The match-or-create pattern: linking CSV data to existing records | Tapix                  [ ![Tapix](/img/tapix-logo-light.svg) ![Tapix](/img/tapix-logo-dark.svg) ](https://tapix.dev) [Features](https://tapix.dev#features) [Pricing](https://tapix.dev#pricing) [Docs](https://docs.tapix.dev) [Blog](https://tapix.dev/blog)

   Try Demo  [ Get Tapix from $99](https://tapix.dev#pricing)

  [Features](https://tapix.dev#features) [Pricing](https://tapix.dev#pricing) [Docs](https://docs.tapix.dev) [Blog](https://tapix.dev/blog)   Try Demo  [ Get Tapix from $99](https://tapix.dev#pricing)

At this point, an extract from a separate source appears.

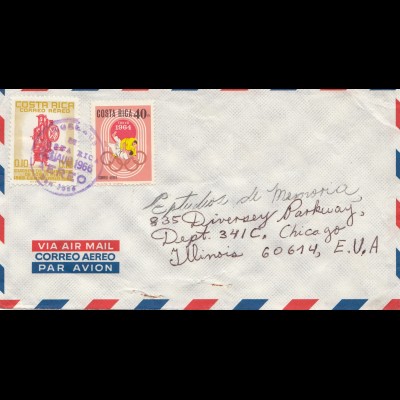 Costa Rica: 1966: San Jose air mail to Chicago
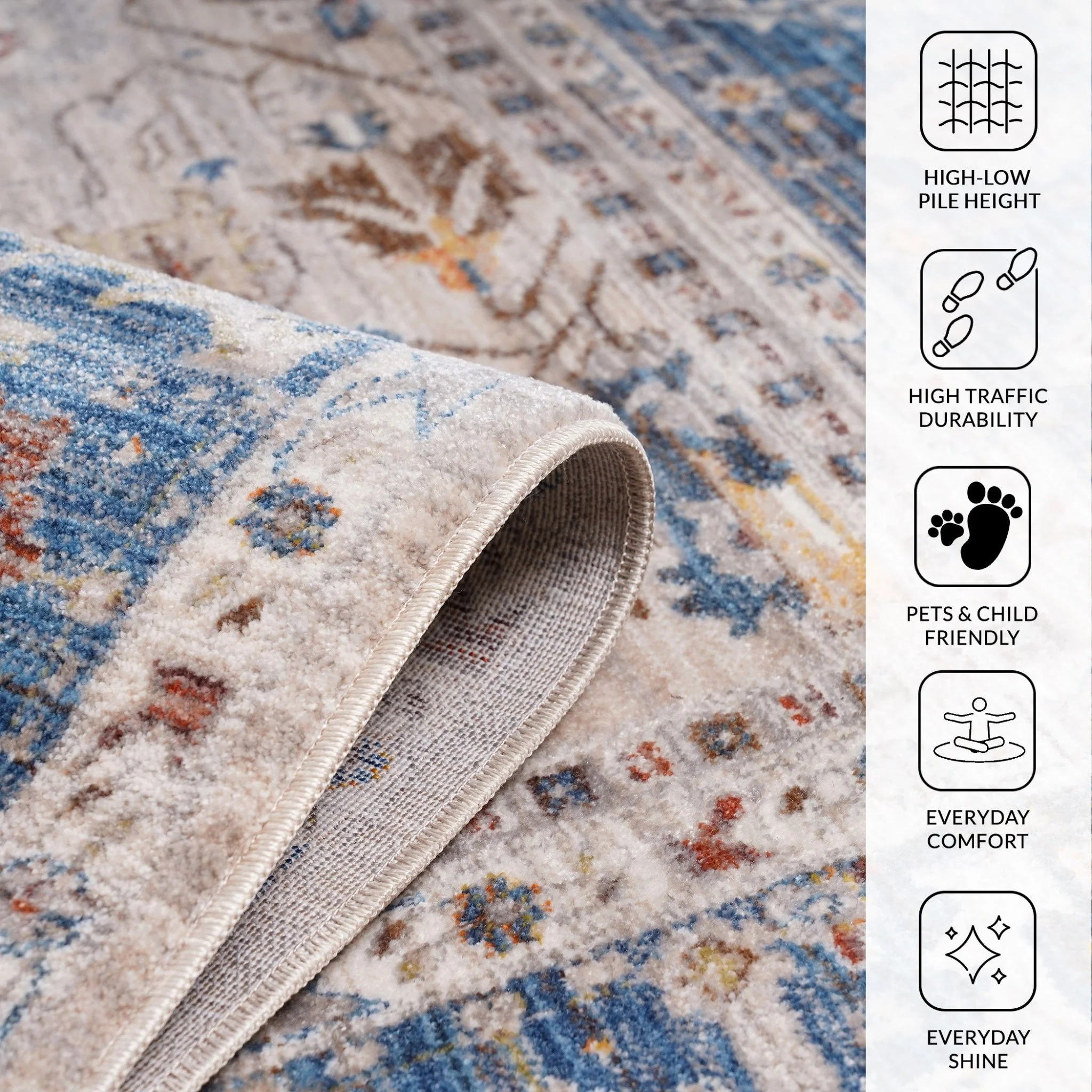 Amer Rugs ARC-4 Arcadia Oriental Design /Navy Runner Rug, 2'7" X 10' Area Rug - Image 12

   ![Tapix](https://tapix.dev/img/tapix-logo-light.svg)

 Best PracticesThe match-or-create pattern: linking CSV data to existing records
=================================================================

 tapix.dev/blog

  [    Back to blog ](https://tapix.dev/blog) [ Best Practices ](https://tapix.dev/blog/category/best-practices)

The match-or-create pattern: linking CSV data to existing records
=================================================================

 Manch Minasyan ·  June 2, 2026  · 11 min read

 Every CSV import that touches relationships faces the same question: what happens when a row references something that might already exist in the database? A "Company" column that says "Acme Corp" could mean one of three things. It could mean "find the existing Acme Corp and link to it." It could mean "find Acme Corp if it exists, otherwise create it." Or it could mean "create a new record no matter what." The answer depends on the data, the domain, and the user's intent -- and hardcoding the wrong one causes either silent data loss or a polluted database.

This is the match-or-create pattern. It shows up in every non-trivial CSV import, whether you build it explicitly or stumble into it by accident. Getting it right means defining three behaviors, knowing when each one applies, using the right field to match on, and handling the edge cases that trip up most implementations. If you have not read about how duplicate handling fits into the broader cost of building a CSV importer yourself, [The hidden cost of building your own CSV importer](/blog/hidden-cost-building-csv-importer) has a useful overview.

[\#](#three-behaviors-three-use-cases "Permalink")Three behaviors, three use cases
----------------------------------------------------------------------------------

The match-or-create decision is a three-way enum, not a boolean. Thinking of it as "match or don't match" misses the third case entirely.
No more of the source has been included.